The customer journey is the foundation of many design projects. As UX designers and researchers, we work on them a lot. We're either asked to improve a customer journey or figure out unknown customer journeys in their entirety.
After being in UX research for over five years, I worked on many customer journeys. Some projects went great, but I have to admit I fell on my face at least a dozen times too.
Here's my list of tips I would recommend to any UX professional about to work on a customer journey map.
Host a (weekly) stakeholder update
One of the most important things you must do as a UX researcher is to host a recurring update for your stakeholders.
Why? Hosting such an update ensures the people responsible for funding your project know what you're doing. On the other end, you can use them to remove the obstacles your project faces.
Here's an example. During one of my projects for a Dutch government agency, I hosted a weekly update with my stakeholders.
Unlike me, my stakeholders were all very well-known people within the agency. That's important, given the complex nature of such an agency. So, naturally, their reach was much higher than mine.
To work on my customer journey, I needed users to interview and places to visit. Therefore, hosting my weekly stakeholder update has been crucial in helping my stakeholders understand what I do and why I do it.
As a result, they were more than happy to help me reach the users and places I needed for building my customer journey map (CJM).
Know what UX research methods you need at each step of the process
Creating a customer journey is a lot of work. Projects taking up 3 to 6 months aren't an exception.
It is crucial to know what UX research methods you have at your disposal during that time. But even more important is knowing when to use each.
At the start of your mapping project, for example, you will likely use quantitative research methods. These methods are a great way to gather a lot of data rather quickly.
You could analyze existing analytics data, do desk research into previous user research, or send out a questionnaire. These are all great examples of quantitative user research.
Later in your project, it is time to fill the remaining data gaps in your customer journey. You select the following research method based on the outcome of the first half of your project.
Did you find an interesting pattern in the answers to your questionnaire? In that case, it is time to interview some users to dig a little deeper to find out what's happening.
It is crucial to pick suitable research methods. Generally, go from broad quantitative research to more detailed qualitative research later.
Work in a live document
Up next is the live document. Always work together with your team in a live document. UXPressia is an excellent tool for the job. What I like best is its presentation mode.
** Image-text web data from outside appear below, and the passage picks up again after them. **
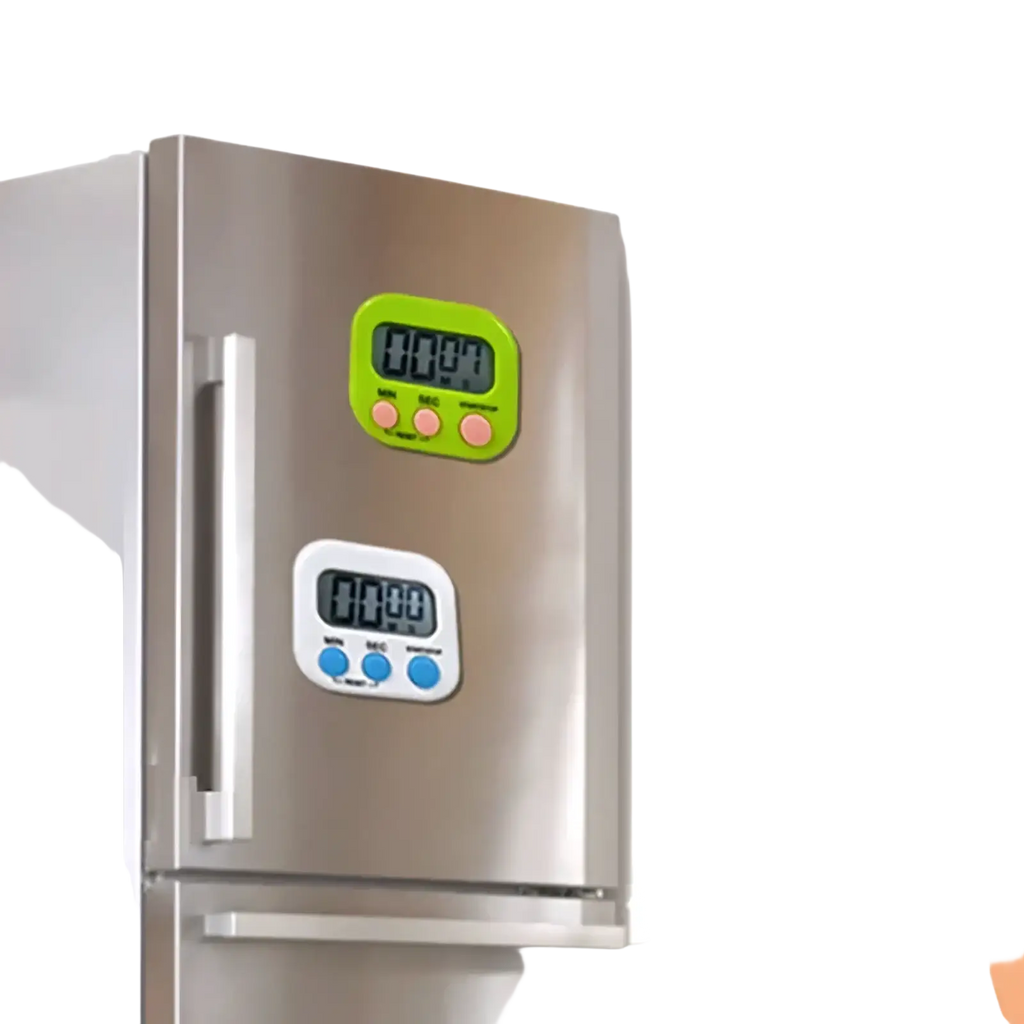 Green and white digital magnetic kitchen timers with colorful buttons for countdown cooking and time management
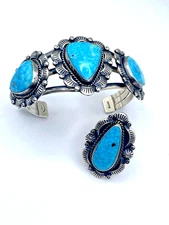 Kingman Water Web Turquoise Bracelet Ring Set Sterling SZ 8.5 Navajo Signed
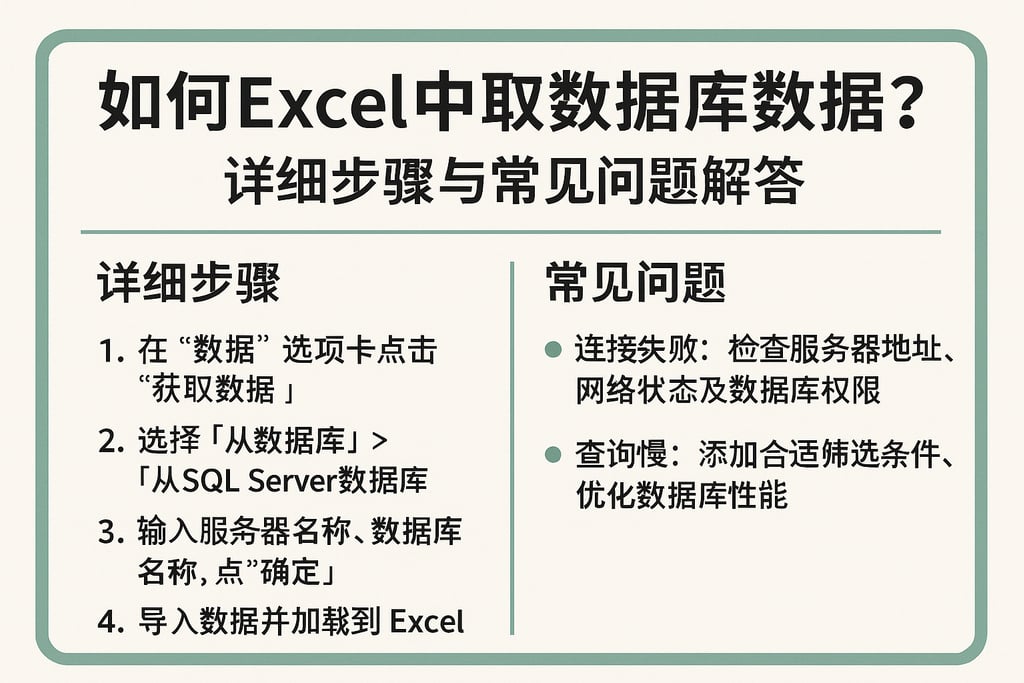 如何excel中取数据库数据？详细步骤与常见问题解答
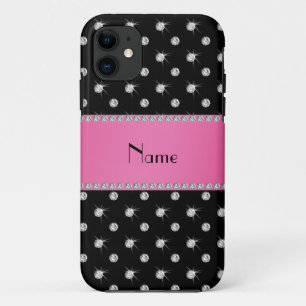 Funda Para iPhone 11 Nombre personalizado de franja rosa de diamantes n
Back in the day, I still had to create a presentation using Figma and PowerPoint to present my customer journey to the stakeholders. Luckily, this is no longer the case.
But let's take one step back. Why is working on a live document important?
First of all, it is a great motivator. In today's age of working hybrid (or from home entirely), seeing others at work is a crucial way to stay connected. Seeing all those name tags in the same document gives you a feeling of belonging and working together.
In addition, seeing that a live document goes from a template to a full-fledged customer journey (including notes) is a big motivator. We're doing great work!
Another reason ties in nicely with the first tip from this article. You can invite your stakeholders to view (parts of) the live document.
When hosting my weekly stakeholder update, I always prepare a short workshop within the live document to make the stakeholder feel more involved.
I could go on, but I think I made my point. Create your next journey map in a live document that allows real-time collaboration!
Focus your customer journey on one journey
One of the biggest tips I can give to anyone involved with UX research is to be very clear on the project scope. In the case of CJMs, my experience has been that journeys are never simple.
They always include multiple sub-journeys. That's a risk. You will likely work extra (potentially unpaid) hours because of that.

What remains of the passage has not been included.